— Description of the task —
Give back the full data, unchanged and complete.

-- Entries provided follows --

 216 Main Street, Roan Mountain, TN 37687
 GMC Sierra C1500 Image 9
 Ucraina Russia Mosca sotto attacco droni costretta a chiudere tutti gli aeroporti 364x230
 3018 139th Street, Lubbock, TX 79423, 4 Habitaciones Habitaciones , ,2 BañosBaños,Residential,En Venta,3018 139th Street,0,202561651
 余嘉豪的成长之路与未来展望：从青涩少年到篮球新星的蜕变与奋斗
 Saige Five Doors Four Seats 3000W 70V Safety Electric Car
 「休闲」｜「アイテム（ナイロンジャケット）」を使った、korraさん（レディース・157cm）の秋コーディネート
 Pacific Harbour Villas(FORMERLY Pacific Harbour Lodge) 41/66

-- Entries provided concluded --

— Response to the exercise —
 216 Main Street, Roan Mountain, TN 37687
 GMC Sierra C1500 Image 9
 Ucraina Russia Mosca sotto attacco droni costretta a chiudere tutti gli aeroporti 364x230
 3018 139th Street, Lubbock, TX 79423, 4 Habitaciones Habitaciones , ,2 BañosBaños,Residential,En Venta,3018 139th Street,0,202561651
 余嘉豪的成长之路与未来展望：从青涩少年到篮球新星的蜕变与奋斗
 Saige Five Doors Four Seats 3000W 70V Safety Electric Car
 「休闲」｜「アイテム（ナイロンジャケット）」を使った、korraさん（レディース・157cm）の秋コーディネート
 Pacific Harbour Villas(FORMERLY Pacific Harbour Lodge) 41/66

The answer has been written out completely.